Whenever you want to use SVY commands, you need to set up
Stata by defining the survey design variables using the *svyset* command. This command has the general structure:

svyset [w= weight], psu(psu variable) strata(strata variable)

Here is the command using the 4-year weight for data collected in the MEC and the output:

svyset [w= wtmec4yr], psu( sdmvpsu) strata(sdmvstra)

(sampling weights assumed)

pweight: wtmec4yr

VCE: linearized

Single unit: missing

Strata 1: sdmvstra

SU 1: sdmvpsu

FPC 1: <zero>

Once you do this, Stata remembers these variables and
applies them to every subsequent SVY command. **If you save the dataset, Stata
will remember these variables and apply them automatically when you reopen the
data set. **

You can change these variables any time you want by typing a new SVYSET command.

Standard commands are regular Stata commands
that can incorporate sampling weights. For example, if standard errors are not
needed, you can simply use regular Stata commands with the weight variable (i.e., *mean *with the *
weight *variable*) *to calculate means.

You only need to **use
these commands when there is no corresponding SVY command**. When you use these
commands, keep in mind that:

- Not all standard commands will take weights.
**With weights, these analyses will generate accurate point estimates.**- Because standard commands
do not use the design variables (i.e. strata, psu),
**they will NOT generate accurate standard errors.**

NHANES data files are very big; you will encounter memory problems unless you change some of Stata's default settings.

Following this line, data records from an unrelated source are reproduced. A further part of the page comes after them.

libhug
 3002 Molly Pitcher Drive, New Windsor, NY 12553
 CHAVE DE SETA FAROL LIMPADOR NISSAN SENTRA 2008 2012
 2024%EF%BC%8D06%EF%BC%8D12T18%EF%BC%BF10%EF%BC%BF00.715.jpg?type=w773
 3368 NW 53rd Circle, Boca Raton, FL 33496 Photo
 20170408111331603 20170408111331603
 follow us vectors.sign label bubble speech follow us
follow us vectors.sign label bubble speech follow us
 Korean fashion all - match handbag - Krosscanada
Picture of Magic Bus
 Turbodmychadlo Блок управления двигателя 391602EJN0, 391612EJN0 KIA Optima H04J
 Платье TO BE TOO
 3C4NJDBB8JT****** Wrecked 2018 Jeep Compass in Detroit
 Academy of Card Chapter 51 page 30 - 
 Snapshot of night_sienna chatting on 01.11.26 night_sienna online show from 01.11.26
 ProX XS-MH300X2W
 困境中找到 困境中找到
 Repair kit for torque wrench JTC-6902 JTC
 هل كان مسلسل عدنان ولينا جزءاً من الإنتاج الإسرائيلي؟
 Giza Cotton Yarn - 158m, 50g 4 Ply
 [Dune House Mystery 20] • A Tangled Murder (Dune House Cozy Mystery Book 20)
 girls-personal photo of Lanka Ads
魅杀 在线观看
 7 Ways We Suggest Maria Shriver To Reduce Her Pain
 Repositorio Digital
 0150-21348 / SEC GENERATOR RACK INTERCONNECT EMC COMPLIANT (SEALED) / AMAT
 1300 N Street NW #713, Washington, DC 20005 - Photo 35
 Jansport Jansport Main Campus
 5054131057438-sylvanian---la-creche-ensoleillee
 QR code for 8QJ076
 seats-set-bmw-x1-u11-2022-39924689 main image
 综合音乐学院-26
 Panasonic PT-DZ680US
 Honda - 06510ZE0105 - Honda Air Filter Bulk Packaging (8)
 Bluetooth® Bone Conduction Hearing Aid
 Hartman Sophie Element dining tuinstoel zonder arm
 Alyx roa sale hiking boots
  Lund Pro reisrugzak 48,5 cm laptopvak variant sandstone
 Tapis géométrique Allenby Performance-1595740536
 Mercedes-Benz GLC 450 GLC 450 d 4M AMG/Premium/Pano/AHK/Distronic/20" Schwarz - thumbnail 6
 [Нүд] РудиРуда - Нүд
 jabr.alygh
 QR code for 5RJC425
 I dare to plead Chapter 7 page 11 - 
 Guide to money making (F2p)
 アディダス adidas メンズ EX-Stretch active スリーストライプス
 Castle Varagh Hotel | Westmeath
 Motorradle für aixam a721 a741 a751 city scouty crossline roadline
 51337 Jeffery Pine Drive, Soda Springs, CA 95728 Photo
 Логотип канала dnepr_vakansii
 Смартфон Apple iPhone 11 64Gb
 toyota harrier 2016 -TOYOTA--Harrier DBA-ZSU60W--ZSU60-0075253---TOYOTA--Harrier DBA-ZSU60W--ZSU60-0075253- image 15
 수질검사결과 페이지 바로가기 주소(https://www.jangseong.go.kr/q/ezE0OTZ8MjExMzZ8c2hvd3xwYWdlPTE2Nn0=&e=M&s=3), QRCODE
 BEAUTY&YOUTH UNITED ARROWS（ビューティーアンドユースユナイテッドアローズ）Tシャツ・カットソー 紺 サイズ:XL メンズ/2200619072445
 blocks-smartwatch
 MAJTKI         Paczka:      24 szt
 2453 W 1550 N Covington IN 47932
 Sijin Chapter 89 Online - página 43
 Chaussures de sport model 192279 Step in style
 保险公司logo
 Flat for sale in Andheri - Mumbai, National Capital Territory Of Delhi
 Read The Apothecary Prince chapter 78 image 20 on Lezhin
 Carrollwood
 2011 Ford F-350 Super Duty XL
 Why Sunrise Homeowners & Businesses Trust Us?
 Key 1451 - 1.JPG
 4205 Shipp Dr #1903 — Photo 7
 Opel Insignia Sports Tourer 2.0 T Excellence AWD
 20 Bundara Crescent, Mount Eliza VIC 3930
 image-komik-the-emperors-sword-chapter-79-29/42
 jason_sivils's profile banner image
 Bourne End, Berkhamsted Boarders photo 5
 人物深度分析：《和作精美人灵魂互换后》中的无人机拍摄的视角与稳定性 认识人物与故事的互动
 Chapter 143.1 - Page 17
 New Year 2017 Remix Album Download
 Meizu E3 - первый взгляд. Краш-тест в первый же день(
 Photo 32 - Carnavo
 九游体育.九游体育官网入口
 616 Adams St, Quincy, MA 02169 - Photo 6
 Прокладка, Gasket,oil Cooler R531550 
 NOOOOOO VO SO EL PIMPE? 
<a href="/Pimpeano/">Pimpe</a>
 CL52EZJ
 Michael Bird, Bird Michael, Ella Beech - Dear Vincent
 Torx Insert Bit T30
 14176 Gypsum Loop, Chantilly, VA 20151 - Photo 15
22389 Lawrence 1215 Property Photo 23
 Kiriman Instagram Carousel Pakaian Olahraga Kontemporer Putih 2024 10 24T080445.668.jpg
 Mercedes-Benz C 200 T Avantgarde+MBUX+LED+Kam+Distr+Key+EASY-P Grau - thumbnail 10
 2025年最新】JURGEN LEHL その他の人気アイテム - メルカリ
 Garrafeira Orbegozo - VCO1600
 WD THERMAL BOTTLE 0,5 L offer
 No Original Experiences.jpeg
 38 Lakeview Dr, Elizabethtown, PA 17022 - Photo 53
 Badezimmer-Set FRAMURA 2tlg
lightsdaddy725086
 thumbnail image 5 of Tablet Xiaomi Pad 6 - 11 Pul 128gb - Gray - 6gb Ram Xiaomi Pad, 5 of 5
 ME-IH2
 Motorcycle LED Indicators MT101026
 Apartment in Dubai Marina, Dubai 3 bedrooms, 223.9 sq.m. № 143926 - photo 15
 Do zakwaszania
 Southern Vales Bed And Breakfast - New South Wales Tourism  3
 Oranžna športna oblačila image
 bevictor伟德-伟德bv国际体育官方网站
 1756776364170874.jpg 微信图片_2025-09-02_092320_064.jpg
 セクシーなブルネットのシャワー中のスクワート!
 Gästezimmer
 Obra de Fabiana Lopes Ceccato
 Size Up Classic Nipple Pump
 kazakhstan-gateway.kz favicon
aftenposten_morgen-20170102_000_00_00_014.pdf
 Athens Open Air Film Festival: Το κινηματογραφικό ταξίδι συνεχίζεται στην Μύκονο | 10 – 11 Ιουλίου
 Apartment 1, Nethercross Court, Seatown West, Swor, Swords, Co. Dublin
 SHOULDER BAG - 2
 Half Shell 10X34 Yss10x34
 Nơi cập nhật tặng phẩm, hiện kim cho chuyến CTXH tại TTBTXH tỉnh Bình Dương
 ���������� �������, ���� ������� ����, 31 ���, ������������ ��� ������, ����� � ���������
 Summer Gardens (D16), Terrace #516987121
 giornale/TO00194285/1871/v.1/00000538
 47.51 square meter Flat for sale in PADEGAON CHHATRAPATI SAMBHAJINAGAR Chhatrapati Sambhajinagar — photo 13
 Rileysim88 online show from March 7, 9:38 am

If you don't you'll be plagued by messages like:

. use "/WoloHD/Teaching/CECS/ECS 122 2005/Classes/Week 6/lab6/lab6.youth.adult.lab.final.dta"

no room to add more observations

An attempt was made to increase the number of observations beyond what is

currently possible. You have the following alternatives:

1. Store your variables more efficiently; see help compress. (Think of

Stata's data area as the area of a rectangle; Stata can trade off width

and length.).).)

2. Drop some variables or observations; see help drop.

3. Increase the amount of memory allocated to the data area using the set

memory command; see help memory.

The solution is simple, just tell Stata to make more room. The syntax is simple, you just tell Stata how much memory to set aside for data. Functionally, the only limit is the size of your hard drive.

set memory 1g

(*the 1g means 1 gigabyte....you could try a smaller -- like 100m [m for megabyte] -- or larger. Don't be scared to experiment. If you want you can set the memory "permanently" (that is until you manually reset it) type:

set memory 1g, permanently

WARNING

Do not drop observations from the dataset. This may affect variance estimation.

Stata cares about the case of the letters - so if your dictionary has all capital letters, you will always need to use caps and visa versa. The only requirement is that you use the NHANES variable names. So, when you write the data dictionary, it is your choice of all caps or all small letters. If you click on the variables in the "variable box", you don't need to worry about this.

Stata represents missing numeric values (".") as large numeric values. So, unlike SAS Survey Procedures or SUDAAN, which would place missing values at the bottom of the range, Stata will place them at the top of the range.